**The problem**: Where a record contains an image, leave the image out and print the rest exactly.

**Data provided**:

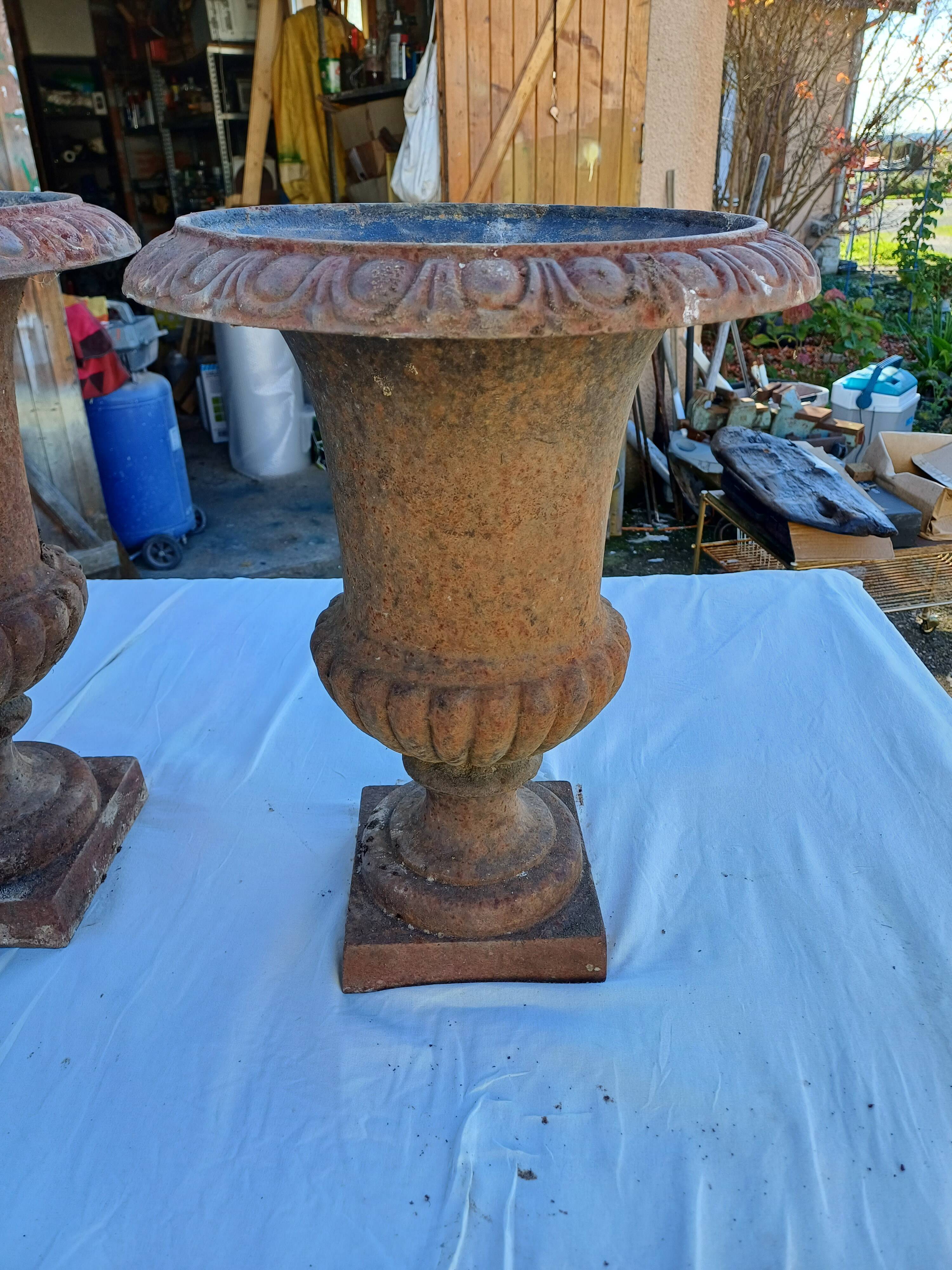 Paire de Vases Médicis Fonte 19 ème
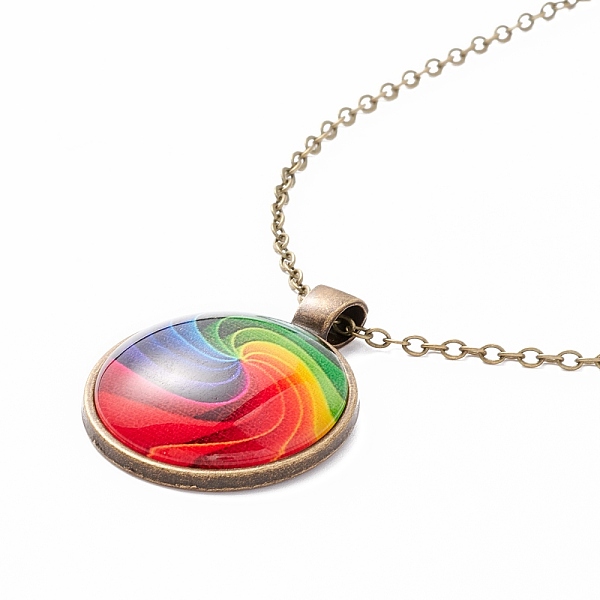 

PandaHall Rainbow Pride Necklace, Flat Round with Pattern Pendant Necklace for Men Women, Antique Bronze, Vortex Pattern, 20.08 inch(51cm)...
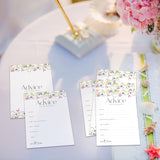 Advice And Wishes For The Mr And Mrs, 25 Wedding Advice Cards For Bride And Groom, Bridal Shower Engagement Party Games, Spring Flower Theme, 5X7 Inches -A01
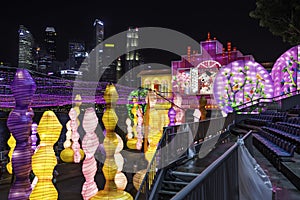 Singapore, Singapore - February 15, 2018: Chinese New Year Lantern Festival at Marina Bay, Singapore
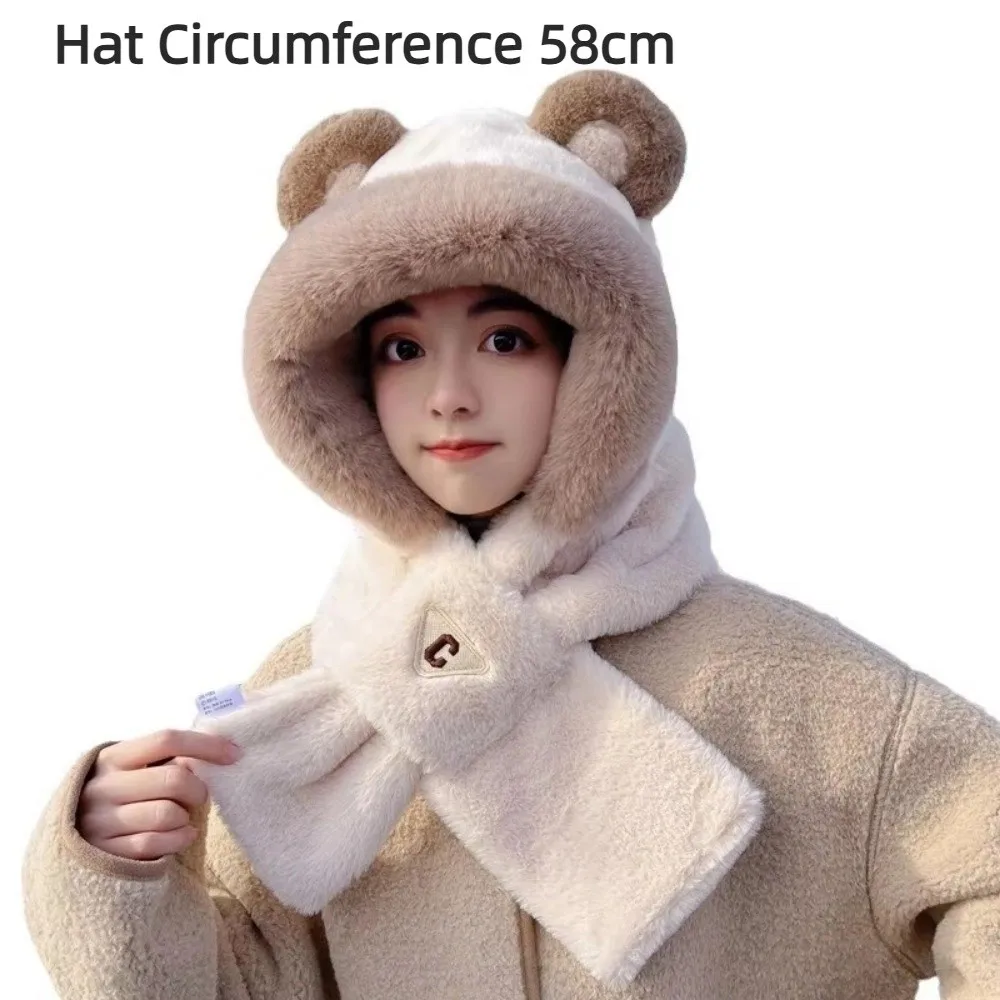 야외 겨울 일체형 스카프 모자 두꺼운 스카프 후드 캡 귀 보호 부드러운 모자 스카프 세트 자전거 모자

**Solution for this problem**:
 Paire de Vases Médicis Fonte 19 ème

PandaHall Rainbow Pride Necklace, Flat Round with Pattern Pendant Necklace for Men Women, Antique Bronze, Vortex Pattern, 20.08 inch(51cm)...
 Advice And Wishes For The Mr And Mrs, 25 Wedding Advice Cards For Bride And Groom, Bridal Shower Engagement Party Games, Spring Flower Theme, 5X7 Inches -A01
 Singapore, Singapore - February 15, 2018: Chinese New Year Lantern Festival at Marina Bay, Singapore
 야외 겨울 일체형 스카프 모자 두꺼운 스카프 후드 캡 귀 보호 부드러운 모자 스카프 세트 자전거 모자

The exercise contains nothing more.